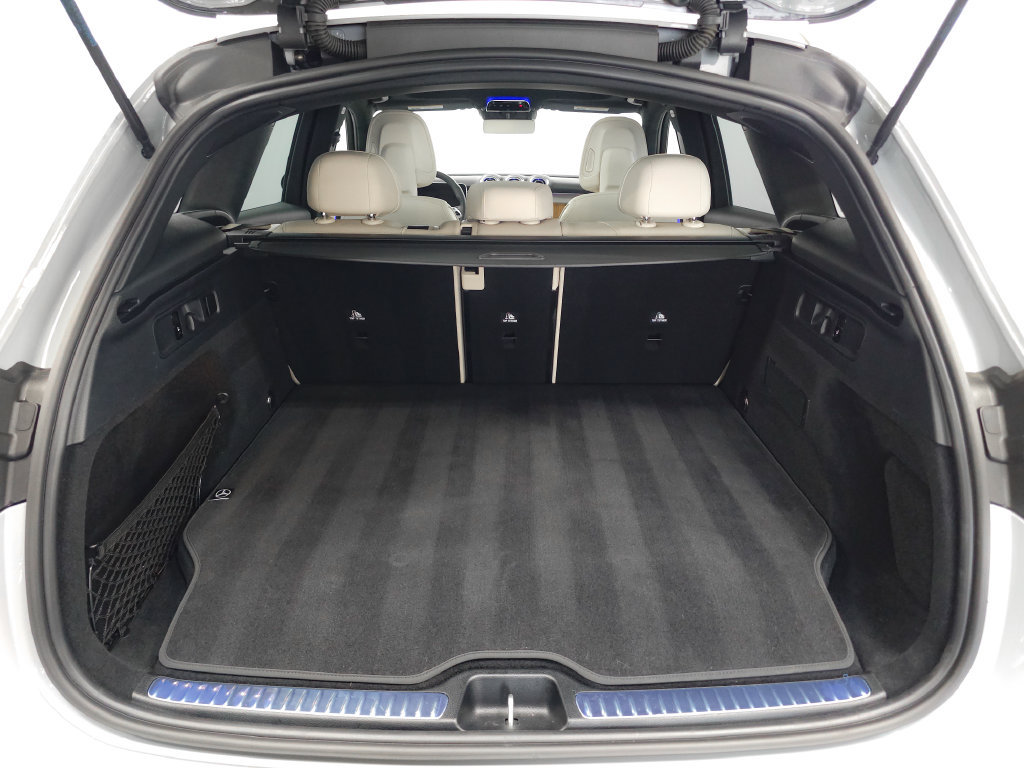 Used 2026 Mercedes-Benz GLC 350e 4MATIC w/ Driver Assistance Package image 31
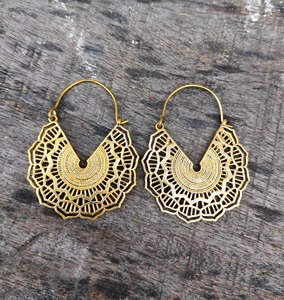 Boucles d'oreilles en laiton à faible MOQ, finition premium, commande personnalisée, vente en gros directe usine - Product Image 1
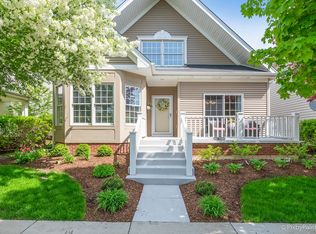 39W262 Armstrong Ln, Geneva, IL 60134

==

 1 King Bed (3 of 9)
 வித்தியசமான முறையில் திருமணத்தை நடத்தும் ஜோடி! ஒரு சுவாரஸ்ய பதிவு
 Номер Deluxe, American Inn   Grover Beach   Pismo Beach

_Exercise details_
Could you repeat exactly the lines above from the line with "1 King Bed (3 of 9)" up to and including the line with "Номер Deluxe, American", and only those?

_Solution for this exercise_
 1 King Bed (3 of 9)
 வித்தியசமான முறையில் திருமணத்தை நடத்தும் ஜோடி! ஒரு சுவாரஸ்ய பதிவு
 Номер Deluxe, American Inn   Grover Beach   Pismo Beach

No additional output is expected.